Pengertian kata netral itu sendiri adalah netral. Artinya, dalam bingkai aksiologi, netral tak selalu positif dan berguna, juga tak melulu negatif dan berbahaya.

Kezaliman kerap dianggap sebagai persoalan individu semata yang hanya terkait dengan penzalim sebagai pelaku dan terzalimi sebagai korbannya. Padahal kezaliman, meski pelaku dan korbannya adalah sebagian orang, merupakan masalah sosial dan kemanusiaan.

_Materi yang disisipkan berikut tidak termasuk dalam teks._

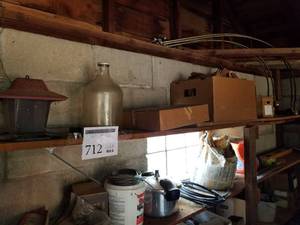 lot 712 image: Lot of Bird Feeder, Glass Jug, Grill Pan with Accessories, Wood Sculptures (on top shelf)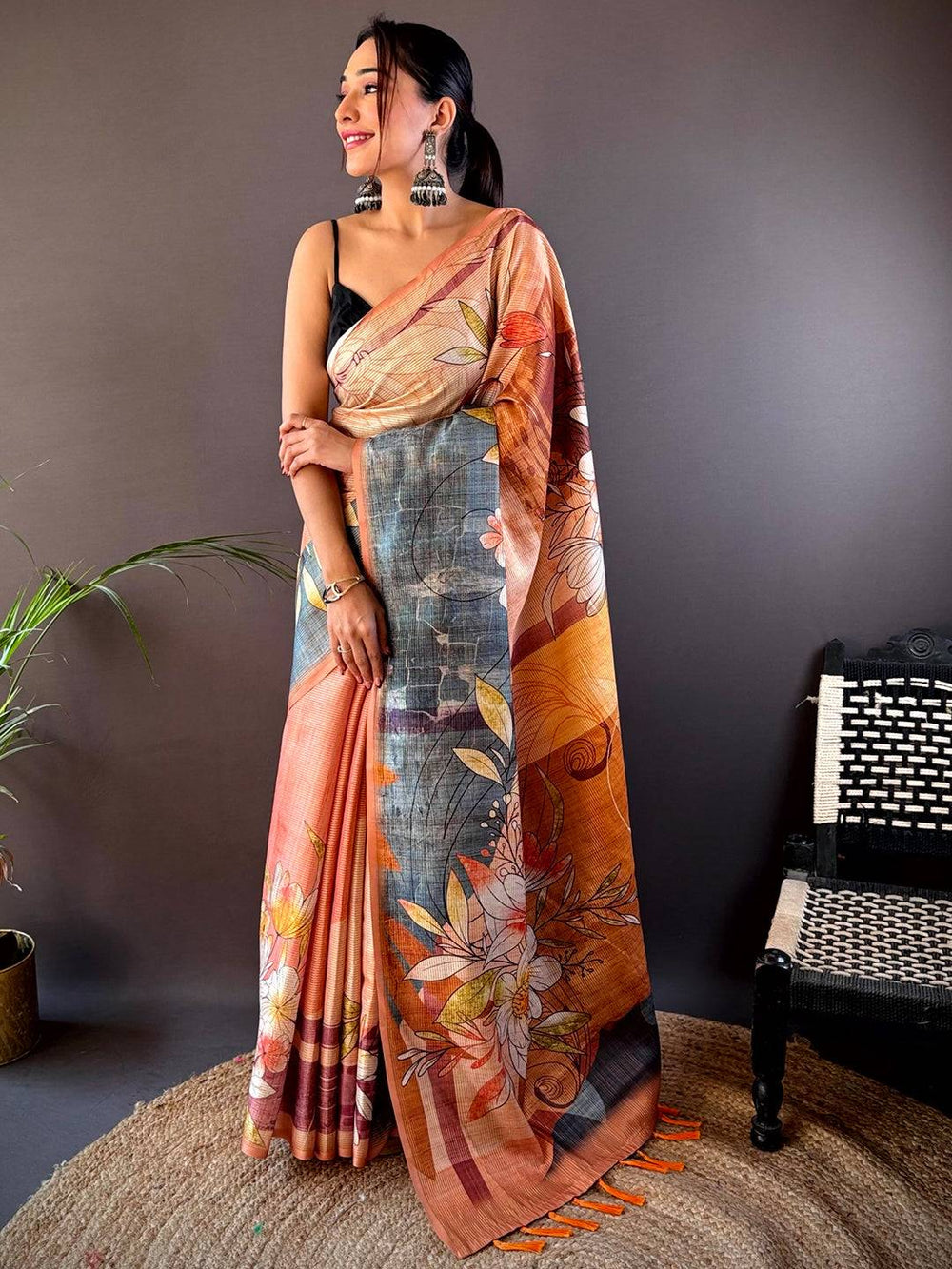 Model showcasing Light Orange Semi Zari Tussar Floral Saree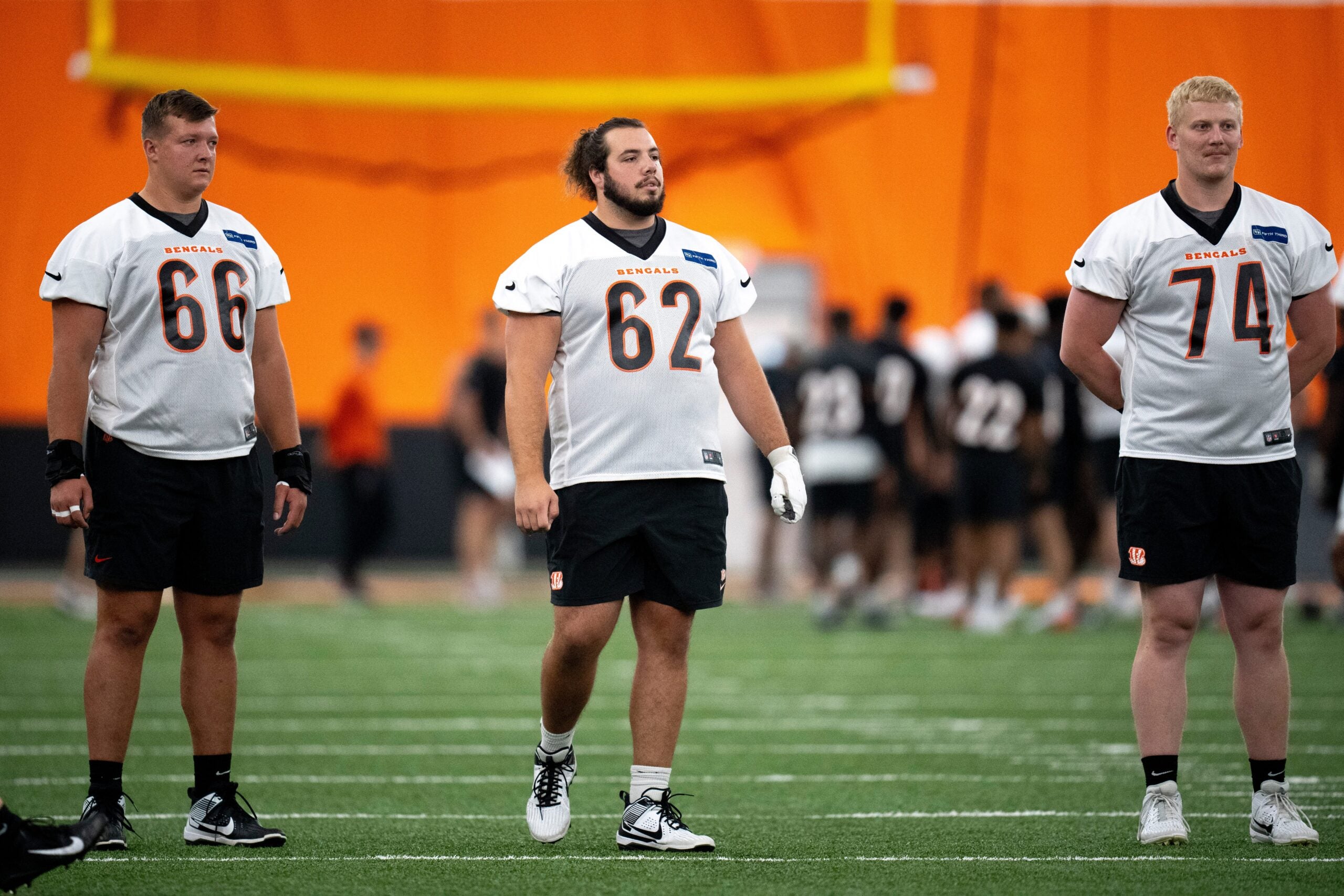 Cincinnati Bengals center Nate Gilliam (66), Cincinnati Bengals center Matt Lee (62) and Cincinnati Bengals offensive tackle Eric Miller (74) look on at Bengals spring practice at the IEL Indoor Facility in Cincinnati on Thursday, June 13, 2024.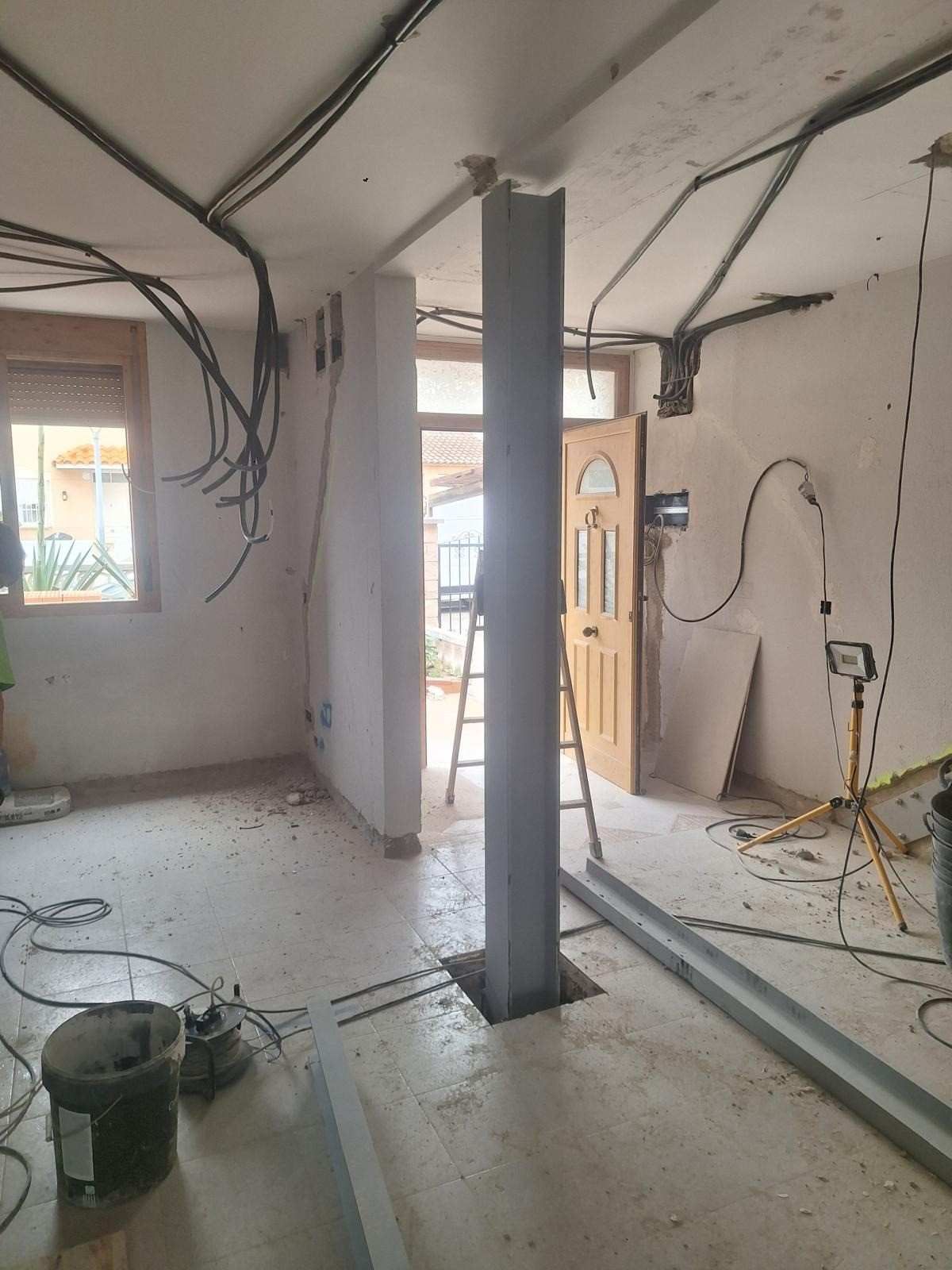 Habitación parcialmente reformada con cableado a la vista, una columna de soporte central, escombros y una puerta abierta.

Kerap pula pengertian pelaku dan korban kezaliman dibatasi pada pihak yang secaa langsung bersangkutan dengannya. Artinya, orang lain yang tidak terlibat langsung sebagai pelaku dan korban bisa dianggap pelak, juga bisa menjadi korban secara tidak langsung.

Sikap netral bisa menjadi positif bila tidak cukup bekal pengetahuan sebagai dasar memihak atau menentang. Netral dalam konteks ini adalah posisi temporal. Karena bila telah diperoleh cukup bekal pengetahuan, maka sikap netral mesti berubah menjadi sikap mendukung salah satu dari dua pihak yang bersengketa dan menentang pihak lainnya.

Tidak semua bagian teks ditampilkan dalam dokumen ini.